• _REQUIREMENT_
Return the run of lines below that opens with the line containing "Sharm el Sheikh, Kahire ve İskenderiye 2" and closes with the line containing "river bright blue dragonfly close up.の写真素材", keeping each one exact.

[[ RECORDS FOR PROCESSING open ]]

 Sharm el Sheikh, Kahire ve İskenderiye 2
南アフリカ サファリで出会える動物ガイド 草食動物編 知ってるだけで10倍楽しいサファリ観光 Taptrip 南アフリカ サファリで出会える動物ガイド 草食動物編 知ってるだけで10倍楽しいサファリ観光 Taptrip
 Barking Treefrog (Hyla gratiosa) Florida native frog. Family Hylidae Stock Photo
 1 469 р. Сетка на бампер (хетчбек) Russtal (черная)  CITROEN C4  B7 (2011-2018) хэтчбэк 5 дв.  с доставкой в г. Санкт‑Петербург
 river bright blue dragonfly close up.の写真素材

[[ RECORDS FOR PROCESSING closed ]]
[[ RECORDS FOR PROCESSING open ]]

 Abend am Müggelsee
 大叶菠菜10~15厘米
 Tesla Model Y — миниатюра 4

[[ RECORDS FOR PROCESSING closed ]]

• _WORKED SOLUTION_
 Sharm el Sheikh, Kahire ve İskenderiye 2
南アフリカ サファリで出会える動物ガイド 草食動物編 知ってるだけで10倍楽しいサファリ観光 Taptrip 南アフリカ サファリで出会える動物ガイド 草食動物編 知ってるだけで10倍楽しいサファリ観光 Taptrip
 Barking Treefrog (Hyla gratiosa) Florida native frog. Family Hylidae Stock Photo
 1 469 р. Сетка на бампер (хетчбек) Russtal (черная)  CITROEN C4  B7 (2011-2018) хэтчбэк 5 дв.  с доставкой в г. Санкт‑Петербург
 river bright blue dragonfly close up.の写真素材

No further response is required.